Legislation that restores constitutional rights, that facilitates the protection for constitutional rights, or establishes a clear, efficient route for the property owner to defend himself or herself from eminent domain is what is needed.

The State of Utah has the only State Property Rights Ombudsman in the world. This advocate for the property owner helps to level the playing field when the individual is faced with eminent domain or state land use regulations affecting the use of private property. With an advocate available, the property owner can be afforded the rights established in the law that he might otherwise be ignorant of. In addition, government appraisals are made fully available for review and the property owner can choose an appraiser to dispute the price offered for the property.
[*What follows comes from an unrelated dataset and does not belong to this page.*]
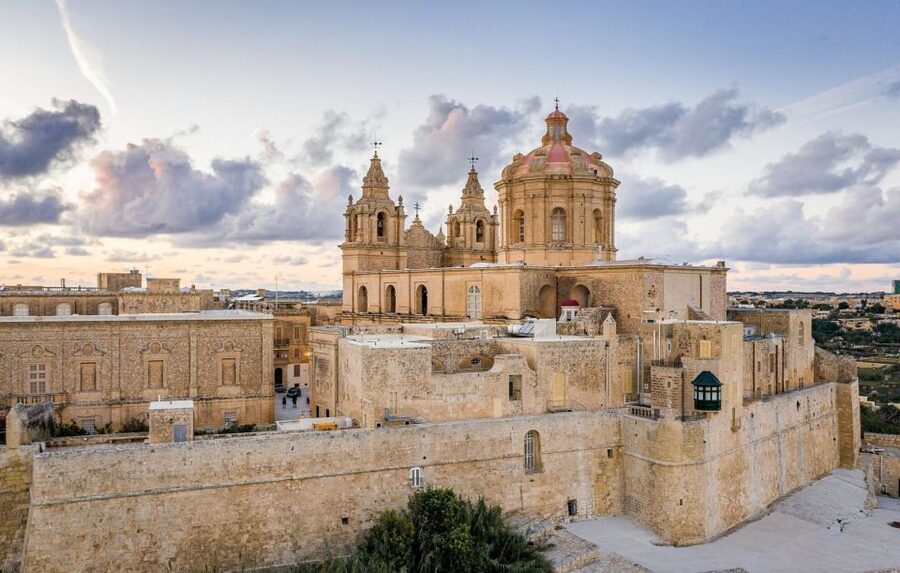 Malta: Mdina, Dingli Cliffs and San Anton Botanical Gardens - Should you book the Mdina, Dingli Cliffs, and San Anton tour?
The U.S. Senate is now considering a bill to enact a federal property rights ombudsman. This sort of legislation would help property owners in New York State.

An eminent domain ombudsman or general property rights ombudsman would help individuals secure their rights not only when faced with the terrible destruction of neighborhoods under the current onslaught of urban redevelopment, but would be helpful in old-fashioned, constitutional eminent domain for a genuine public use, such as parks or highways.

Such an example came to my attention a couple of days ago via an e-mailed plea for help from a farmer who had experienced eminent domain for a public nature trail through the farm. The farmer was promised that the trail would be fenced, but the fence was never built and now the farmer faces the worry of liability if one of the farm horses injures anyone using the trail. But it is too late to effectively bargain for the fence and there was no contract between the parties to build it. An ombudsman would have assured that the property owner would have things in writing. There are countless examples of this nature, where the property owner needs help to get the government to abide by its own rules and agreements.

Property owners facing eminent domain need an advocate who is independent and effective, someone modeled after Robert Freeman's office at the Committee on Open Government, but who has negotiating power.

There are countless examples of injustices and machinations that take away the security of people and actively facillitate the destruction of communities and neighborhoods when that great landmark and protection of civil rights, the U.S. Constitution, is tossed aside by legal structures at the local, state, and federal level, including the U.S. Supreme Court. Today, I'd like to urge that the Senate take action to provide advocacy for the property owner and to smooth the process wherever possible so that property owners can have the full benefit of the protections afforded them under the law. But, first and foremost, the State should restore the constitutional rights of citizens of the State of New York, to narrow the power of government to use eminent domain.

Thank you for the opportunity to testify today.